What the task asks >> Only the lines of the listing below that run from the line with "Wallpaper, black, lemon" through the line with "Straight Hair Extension" are to be set down, word for word. Pictures stay out.

Stored data >>
######
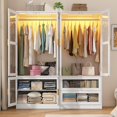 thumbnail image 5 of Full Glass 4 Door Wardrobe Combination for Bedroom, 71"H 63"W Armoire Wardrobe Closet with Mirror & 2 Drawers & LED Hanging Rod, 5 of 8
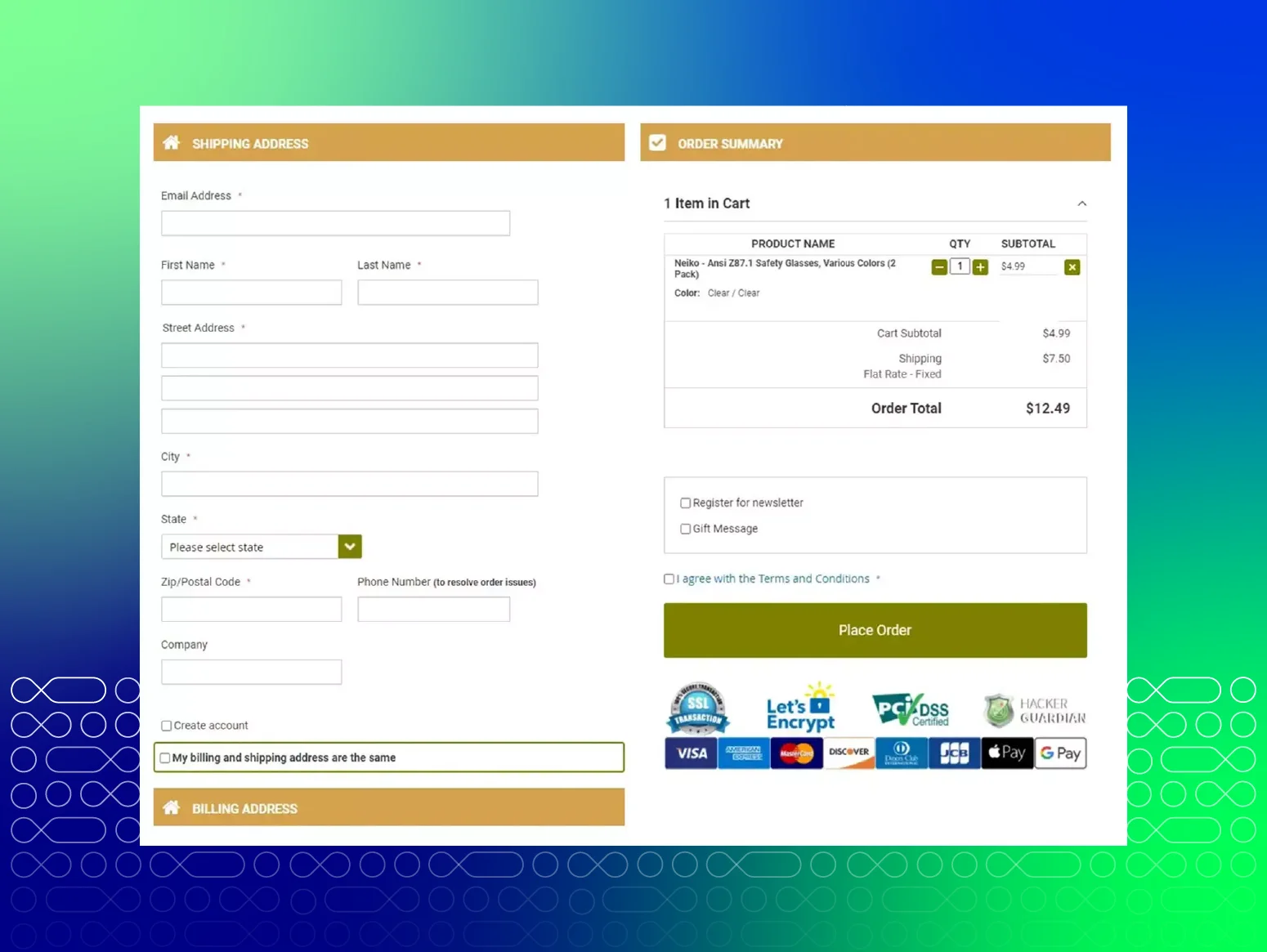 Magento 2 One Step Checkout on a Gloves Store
######
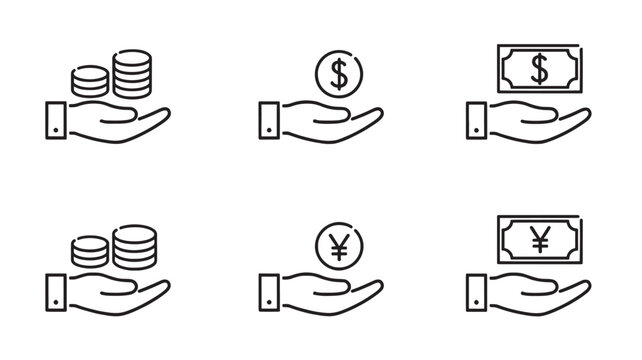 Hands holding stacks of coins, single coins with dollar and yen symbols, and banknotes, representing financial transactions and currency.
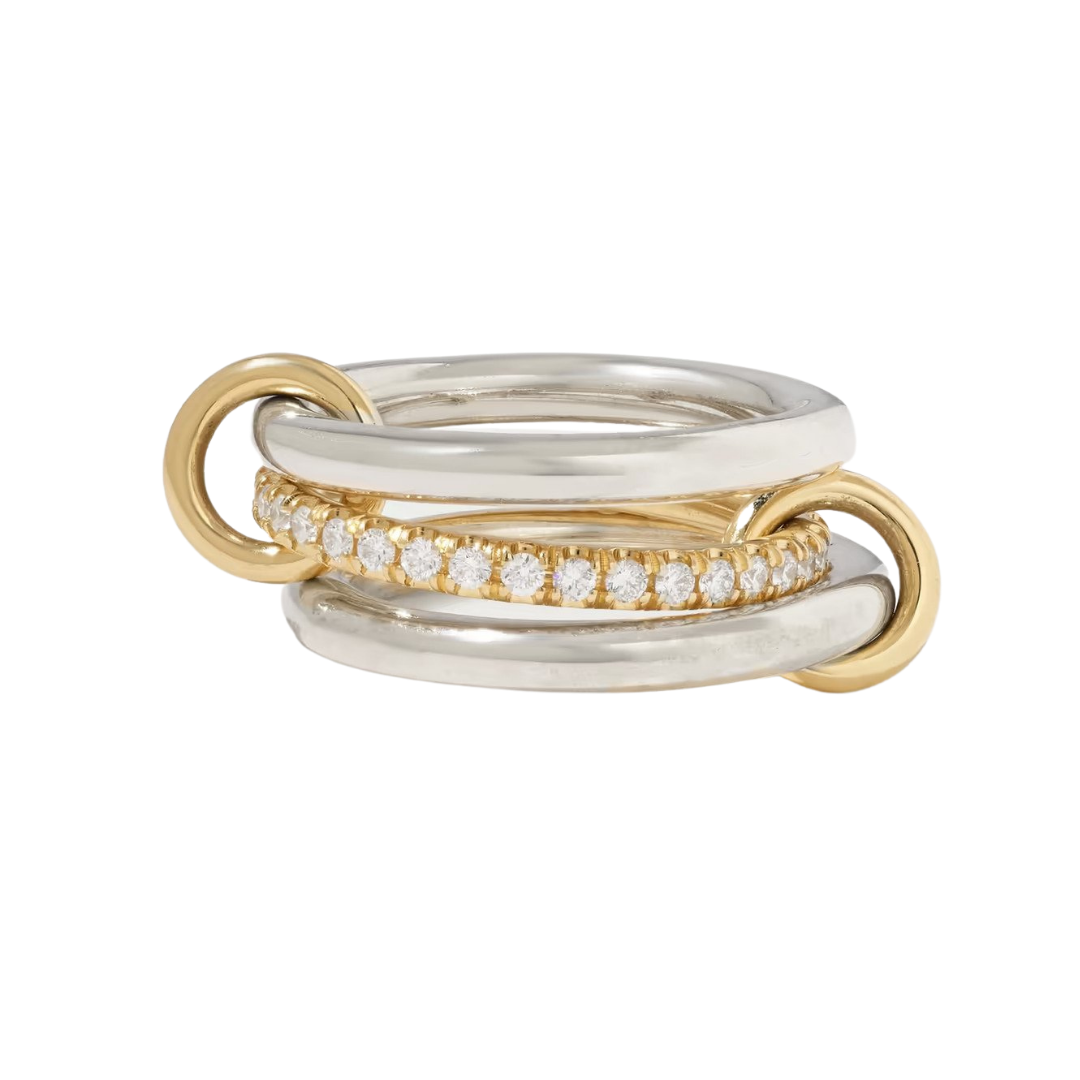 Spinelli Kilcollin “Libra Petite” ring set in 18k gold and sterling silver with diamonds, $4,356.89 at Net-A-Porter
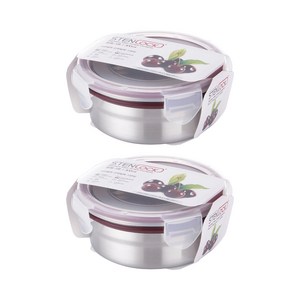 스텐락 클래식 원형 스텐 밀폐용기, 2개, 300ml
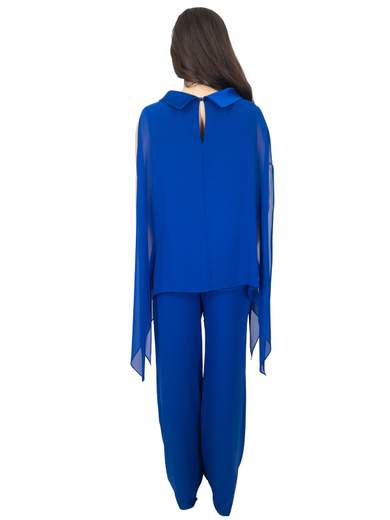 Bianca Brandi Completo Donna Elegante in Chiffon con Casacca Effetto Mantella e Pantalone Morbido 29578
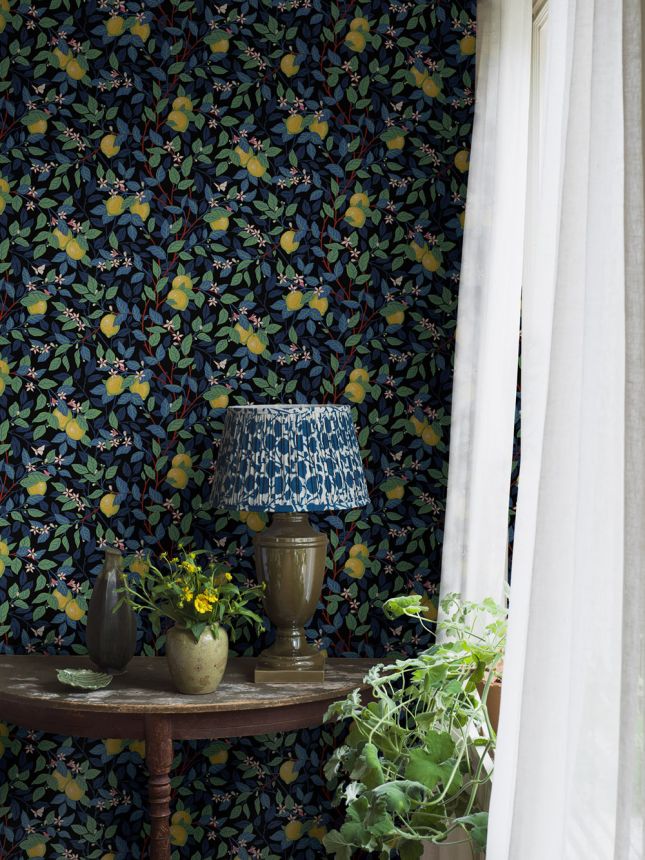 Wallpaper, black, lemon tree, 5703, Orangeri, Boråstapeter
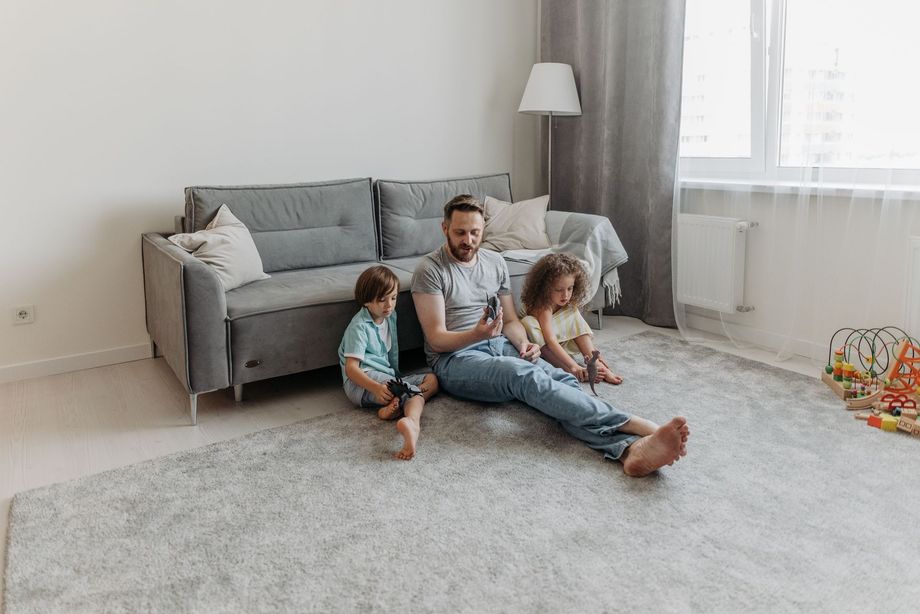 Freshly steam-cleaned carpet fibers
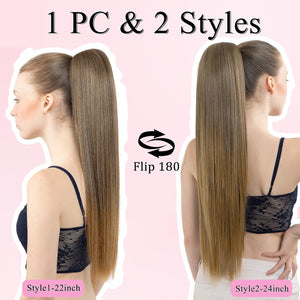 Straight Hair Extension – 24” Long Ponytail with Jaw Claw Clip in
######
Problem solution >>
 Wallpaper, black, lemon tree, 5703, Orangeri, Boråstapeter
 Freshly steam-cleaned carpet fibers
 Straight Hair Extension – 24” Long Ponytail with Jaw Claw Clip in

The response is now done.